A Survey on Large Language Models for Recommendation

Paper · arXiv 2305.19860 · Published May 31, 2023
Recommenders GeneralPrompts Prompting

LikangWu , Zhi Zheng , Zhaopeng Qiu , Hao Wang, Hongchao Gu, Tingjia

Shen, Chuan Qin, Chen Zhu, Hengshu Zhu, Qi Liu, Hui Xiong, Enhong Chen

University of Science and Technology of China, Career Science Lab, BOSS Zhipin, Hong Kong

https://arxiv.org/abs/2305.19860

Prompts Prompting

“(1) LLM Embeddings + RS. This modeling paradigm views the language model as a feature extractor, which feeds the features of items and users into LLMs and outputs corresponding embeddings. A traditional RS model can utilize knowledge-aware embeddings for various recommendation tasks.

 (2) LLM Tokens + RS. Similar to the former method, this approach generates tokens based on the inputted items’ and users’ features. The generated tokens capture potential preferences through semantic mining, which can be integrated into the decision-making process of a recommendation system.

 (3) LLM as RS. Different from (1) and (2), this paradigm aims to directly transfer pre-trained LLM into a powerful recommendation system. The input sequence usually consists of the profile description, behavior prompt, and task instruction. The output sequence is expected to offer a reasonable recommendation result.”

“Prompting

This category of works aims to design more suitable instructions and prompts to help LLMs better understand and solve the recommendation tasks. Liu et al. (2023a) systematically evaluated the performance of ChatGPT on five common recommendation tasks, i.e., rating prediction, Sequential Recommendation, direct recommendation, explanation generation, and review summarization. They proposed a general recommendation prompt construction framework, which consists of: (1) task description, adapting recommendation tasks to natural language processing tasks; (2) behavior injection, incorporating user-item interaction to aid LLMs in capturing user preferences and needs; (3) format indicator, constraining the output format and making the recommendation results more comprehensible and assessable. Similarly, Dai et al. (2023) conducted an empirical analysis of ChatGPT’s recommendation abilities on three common information retrieval tasks, including point-wise, pair-wise, and list-wise ranking. They proposed different prompts for different kinds of tasks and introduced the role instructions (such as You are a news recommendation system now.) at the beginning of the prompts to enhance the domain adaption ability of ChatGPT. “

“Compared to discriminative models, generative models have better natural language generation capabilities.

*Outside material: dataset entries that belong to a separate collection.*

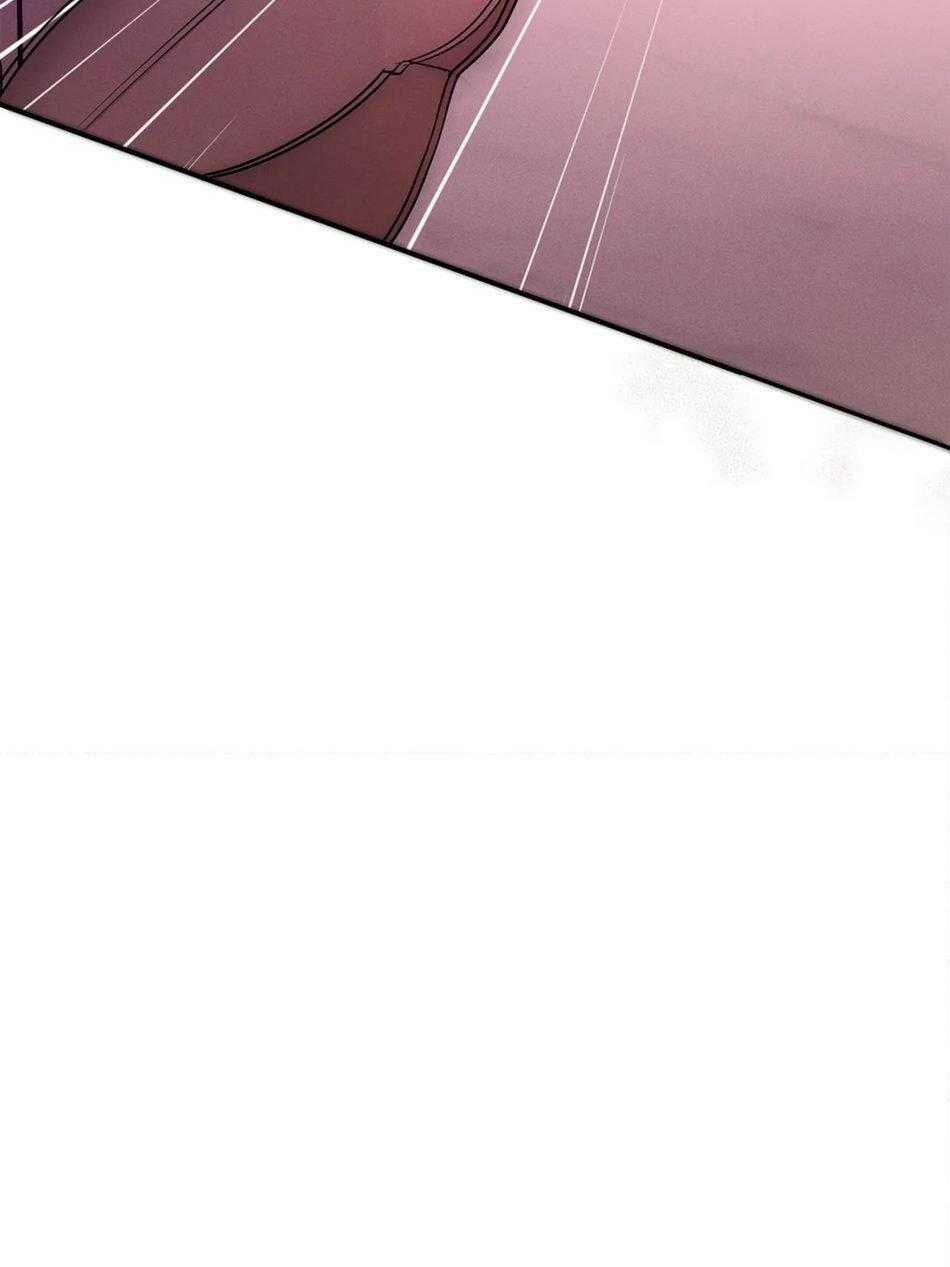 Tuyển Tập Khu Chung Cư Gwanggong - Gwanggong Apartment Complex 63 trang 37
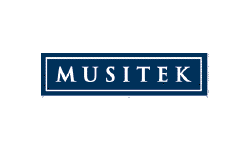 Musitek Authorized Dealer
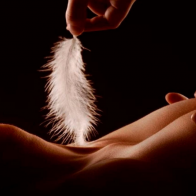 ¿Es posible tener sexo sin penetración?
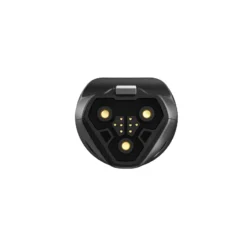 ECOFLOW Adaptateur De Charge Delta Pro - Véhicule électrique -Camping Car Équipement Boutique ecoflow adaptateur de charge delta pro vehicule electrique 3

Therefore, unlike most discriminative model-based approaches that align the representation learned by LLMs to the recommendation domain, most generative model-based work translates recommendation tasks as natural language tasks, and then applies techniques such as in-context learning, prompt tuning, and instruction tuning to adapt LLMs to directly generate the recommendation results.”

Challenges

“Position Bias. In the generative language modeling paradigm of recommendation systems, various information such as user behavior sequences and recommended candidates are input to the language model in the form of textual sequential descriptions, which can introduce some position biases inherent in the language model itself [Lu et al., 2021]. For example, the order of candidates affects the ranking results of LLM-based recommendation models, i.e., LLM often prioritizes the items in the top order. And the model usually cannot capture the behavior order of the sequence well.

Popularity Bias. The ranking results of LLMs are influenced by the popularity levels of the candidates. Popular items, which are often extensively discussed and mentioned in the pre-training corpora of LLMs, tend to be ranked higher. Addressing this issue is challenging as it is closely tied to the composition of the pre-trained corpus.

Fairness Bias. Pre-trained language models have exhibited fairness issues related to sensitive attributes, which are influenced by the training data or the demographics of the individuals involved in certain task annotations [Ferrara, 2023]  “

“However, most existing LLM-based work only uses the name to represent items, and a list of item names to represent users, which is insufficient for modeling users and items accurately.”

“Additionally, it is critical to translate a user’s heterogeneous behavior sequence (such as clicks, adding to cart, and purchases in the e-commerce domain) into natural language for preference modeling. ID-like features have been proven effective in traditional recommendation models, but incorporating them into prompts to improve personalized recommendation performance is also challenging.”

“…it is critical to translate a user’s heterogeneous behavior sequence (such as clicks, adding to cart, and purchases in the e-commerce domain) into natural language for preference modeling. ID-like features have been proven effective in traditional recommendation models, but incorporating them into prompts to improve personalized recommendation performance is also challenging.”